Tropical Storm Barry is slowly approaching landfall in southeast Louisiana, and New Orleans is expecting between 10-20 inches of rain on Saturday. Two days ago, flash floods dropped 8 inches on downtown New Orleans in less than two hours. Many streets were impassible and low lying businesses and homes took on water. The pumps that keep our streets from flooding in normal rain events could not keep up.
Meanwhile the Mississippi River has been above flood stage since October, the longest recorded high water event on record. High water creates dangerous conditions for the people who make their living transporting goods along the river. The length of this flood stage is testing federal levees designed to combat the 1927 flood. The Bonnet Carre Spillway, which diverts river water into Lake Ponchartrain to the north of the city, has been open twice this season, a first in its 88 year history. Storm surge from Barry could push the river as high as 20 feet, overtopping the levees in some places.
If you are unfamiliar with the topography of New Orleans, the city is literally surrounded by water. There is only one way to drive in to the city without crossing a river, lake, or the spillway. The snake-like, winding river you see to the south on the map below is the end of the mighty Mississippi River. Rainwater and runoff from Minnesota, Wisconsin, Iowa, St. Louis, Kentucky and more flows past our homes. The river is currently cresting 16 feet above us, held back by the strongest levee system in the world. Lakes Ponchartrain, Maurepas, and Bornge to the north, west, and east have already taken excess water from the river. Storm surge from Barry will push more water into both the lakes and the river this weekend.
There was once a time when a Tropical Storm was a non-event for New Orleans. Top off the car with gas, secure trash bins and outside furniture, stock up on bottled water, fill the bathtub (to flush toilets), charge your batteries, crack open a bottle of wine and wait for the storm to pass. Lately, even minor storms are giving us major trouble. A flash flood in August of 2017, unrelated to any tropical system, revealed major problems with the city’s drainage infrastructure. Today, rainfall is the greatest concern, where historically, wind and storm surge were the largest threats from hurricanes.
Bear markets remind me of hurricanes.
Each market downturn is different, and there is no way to predict how the next one might hurt you. But, like hurricanes, the key to surviving bear markets is to prepare in advance. Your first line of defense is to make sure you are taking the appropriate amount of risk in your portfolio. This entails knowing your personal tolerance for risk, and I mean really knowing your personal tolerance. If you cannot handle a 20% drop in the value of your portfolio, you should seriously limit the percentage invested in stocks, which can easily decline 30-40% in a bear market. The key to earning the long-term average return of the stock market is your ability to stay the course when the storms comes. Those who sell when the market is down rarely get back in, resulting in a permanent loss of capital.

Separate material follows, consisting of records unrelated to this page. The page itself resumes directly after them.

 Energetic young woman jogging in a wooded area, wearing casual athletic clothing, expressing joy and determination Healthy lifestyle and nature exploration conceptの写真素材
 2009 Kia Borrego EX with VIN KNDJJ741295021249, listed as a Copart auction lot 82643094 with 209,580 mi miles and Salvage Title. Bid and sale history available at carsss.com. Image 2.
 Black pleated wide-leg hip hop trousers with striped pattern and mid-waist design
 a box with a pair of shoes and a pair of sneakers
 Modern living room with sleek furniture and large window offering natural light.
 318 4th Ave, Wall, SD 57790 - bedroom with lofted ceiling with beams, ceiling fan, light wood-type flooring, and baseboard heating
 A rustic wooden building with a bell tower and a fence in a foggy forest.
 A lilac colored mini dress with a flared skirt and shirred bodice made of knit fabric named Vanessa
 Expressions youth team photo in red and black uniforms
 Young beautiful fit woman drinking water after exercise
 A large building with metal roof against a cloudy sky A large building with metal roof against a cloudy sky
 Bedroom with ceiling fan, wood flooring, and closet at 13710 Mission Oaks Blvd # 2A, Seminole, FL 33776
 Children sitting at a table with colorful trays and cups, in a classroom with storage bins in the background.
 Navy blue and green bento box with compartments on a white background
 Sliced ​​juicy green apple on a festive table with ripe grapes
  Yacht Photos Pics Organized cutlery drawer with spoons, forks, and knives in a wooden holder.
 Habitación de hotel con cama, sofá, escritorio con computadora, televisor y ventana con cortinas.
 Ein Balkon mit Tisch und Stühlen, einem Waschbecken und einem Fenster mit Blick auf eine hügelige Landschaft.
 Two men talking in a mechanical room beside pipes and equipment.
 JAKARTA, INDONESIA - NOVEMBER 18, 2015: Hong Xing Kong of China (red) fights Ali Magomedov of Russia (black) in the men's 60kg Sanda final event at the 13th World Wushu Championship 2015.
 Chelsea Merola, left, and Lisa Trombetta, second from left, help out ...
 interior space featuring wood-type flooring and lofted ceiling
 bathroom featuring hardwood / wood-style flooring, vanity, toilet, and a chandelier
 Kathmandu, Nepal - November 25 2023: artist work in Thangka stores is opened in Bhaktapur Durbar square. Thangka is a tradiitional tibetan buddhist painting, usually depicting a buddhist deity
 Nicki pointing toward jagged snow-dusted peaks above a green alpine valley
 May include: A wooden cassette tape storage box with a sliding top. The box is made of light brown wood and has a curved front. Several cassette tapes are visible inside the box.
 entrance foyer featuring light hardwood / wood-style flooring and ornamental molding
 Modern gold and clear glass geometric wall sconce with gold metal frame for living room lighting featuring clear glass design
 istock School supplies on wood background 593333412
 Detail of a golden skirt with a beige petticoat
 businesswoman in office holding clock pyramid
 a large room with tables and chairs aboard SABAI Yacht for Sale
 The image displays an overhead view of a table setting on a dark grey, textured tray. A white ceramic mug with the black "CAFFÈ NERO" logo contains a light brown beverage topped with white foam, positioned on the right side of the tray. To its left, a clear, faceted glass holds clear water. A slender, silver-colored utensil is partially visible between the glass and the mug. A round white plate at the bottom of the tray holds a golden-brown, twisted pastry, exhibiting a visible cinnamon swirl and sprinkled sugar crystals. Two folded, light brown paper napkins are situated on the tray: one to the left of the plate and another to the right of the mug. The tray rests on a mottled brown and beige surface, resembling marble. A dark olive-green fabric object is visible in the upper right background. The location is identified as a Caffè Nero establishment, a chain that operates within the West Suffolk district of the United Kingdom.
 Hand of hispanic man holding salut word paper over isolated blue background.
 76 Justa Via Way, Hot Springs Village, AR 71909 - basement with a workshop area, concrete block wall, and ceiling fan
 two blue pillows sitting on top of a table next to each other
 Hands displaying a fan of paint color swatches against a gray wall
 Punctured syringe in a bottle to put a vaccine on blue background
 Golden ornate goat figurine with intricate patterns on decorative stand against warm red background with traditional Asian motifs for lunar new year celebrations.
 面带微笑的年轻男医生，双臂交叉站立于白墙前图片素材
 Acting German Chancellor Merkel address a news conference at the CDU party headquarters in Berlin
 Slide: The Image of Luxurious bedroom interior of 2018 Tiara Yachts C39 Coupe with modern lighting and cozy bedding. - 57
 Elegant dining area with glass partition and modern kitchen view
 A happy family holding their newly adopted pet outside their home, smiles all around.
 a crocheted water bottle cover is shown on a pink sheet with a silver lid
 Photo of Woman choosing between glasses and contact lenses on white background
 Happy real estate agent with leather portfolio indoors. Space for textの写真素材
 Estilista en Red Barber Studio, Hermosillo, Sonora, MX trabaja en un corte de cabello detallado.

Risk and return are tradeoffs, however, so you need to know how much risk you need to take in order to accomplish your financial goals. This entails going through a financial planning process to quantify those goals and test a variety of scenarios using assumptions for inflation, sequence of returns, and volatility. While the target investment return in a financial plan is never guaranteed, it serves as a guideline for determining how much of your portfolio should be invested in stocks and bonds. Adjustments can be made along the way as your time horizon, cash flow needs, and market expectations change.
The other key to weathering bear markets is to mentally prepare for the next downturn. Although market declines are impossible to predict, investors can expect to ride out several over a lifetime. Since bear markets are inevitable, it makes sense to envision what a market downturn means for your portfolio, and quantify it in dollar terms. If your portfolio is larger today than it was in 2008-2009, a 20+% decline from here will be more dollars than last time. Go ahead and calculate how much a 10%, 20%, 30% drop in your portfolio would be. It will be less of a shock to your system when it happens. I always remind clients that the next bear market is coming. I don’t know when, but it will come.
Today, I’m watching from afar in Asheville, North Carolina, as neighbors batten down the hatches and prepare for Tropical Storm Barry. If the worst rainfall predictions are accurate, Barry will be a major flooding event. Low lying areas surrounding the city have issued voluntary evacuation orders. I’ve received countless emails from businesses, clubs, churches, and organizations regarding closures. Hopefully the worst case won’t pan out. But either way, New Orleans is resilient. This storm won’t beat us.